Spot-billed Toucanet in the mist

We then followed an excellent trail and at a clearing we saw our first endemic Azure-shouldered Tanager, as well as Lemon-chested Greenlet, female Green-backed Trogon, Buff-throated Saltator, Variegated Flycatcher, Black Jacobin, endemic Sombre Hummingbird, Long-tailed Tyrant, and two more Sharpbills

Green-backed Trogon

Another Sharpbill

The trail wound its way through excellent forest and we hadn’t gone very far before coming across a pair of the elusive endemic Pink-legged Graveteiro feeding in the canopy above us. Wow! 

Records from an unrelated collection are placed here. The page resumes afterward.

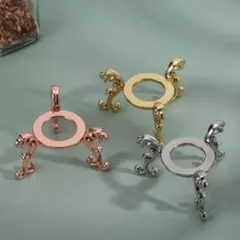 天然石 スフィア台座 原石やハートにも❤︎ 3色セット♥️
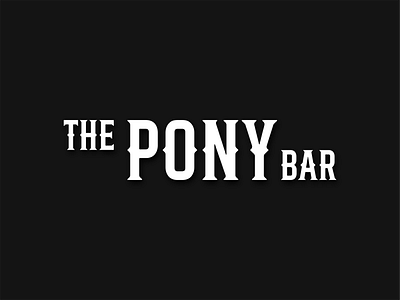 Logo Refresh - The Pony Bar bar bar branding bar logo brand design branding brew pub brewery cocktail bar cocktail bar branding craft beer graphic design logo logo design logotype modern western pub retro typography western western font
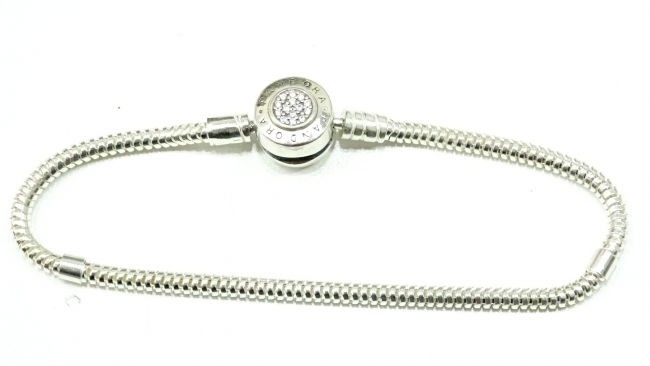 PULSERA PLATA TIPO PANDORA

Pink-legged Graveitero - endemic

We’d looked hard for this bird yesterday and here we were getting pretty decent views. Next up was Black-capped Foliage-Gleaner that shot off before everyone could get on it. But when Ciro heard an endemic White-bibbed Antbird calling we couldn’t have expected to get such stunning views of this forest floor skulker, but this bird just sang away from its spot beside the trail and gave awesome views. 

White-bibbed Antbird - endemic

At the same time a Short-tailed Antthrush began singing and this too posed very nicely indeed from its song perch. Wow again! 

Short-tailed Antthrush

A short time later we had another White-bibbed Antbird displaying beside the track, puffing his white mantle feathers up and bowing up and down. Unbelievable! 


White-bibbed Antbird

The walk back to the lodge began to get quieter and the showers seemed to have stopped, but we still saw a pair of Spot-billed Toucanets along the way before Vito picked us up and took us to lunch. 

Crescent-chested Puffbird - endemic
Grey-hooded Attila - endemic
The afternoon session was quieter but we still enjoyed views of Crescent-chested Puffbird, White-necked Thrush,Lesser Woodcreeper, Black-throated Grosbeak, Grey-hooded Attila, and best of all a Mantled Hawk that we saw a couple of times.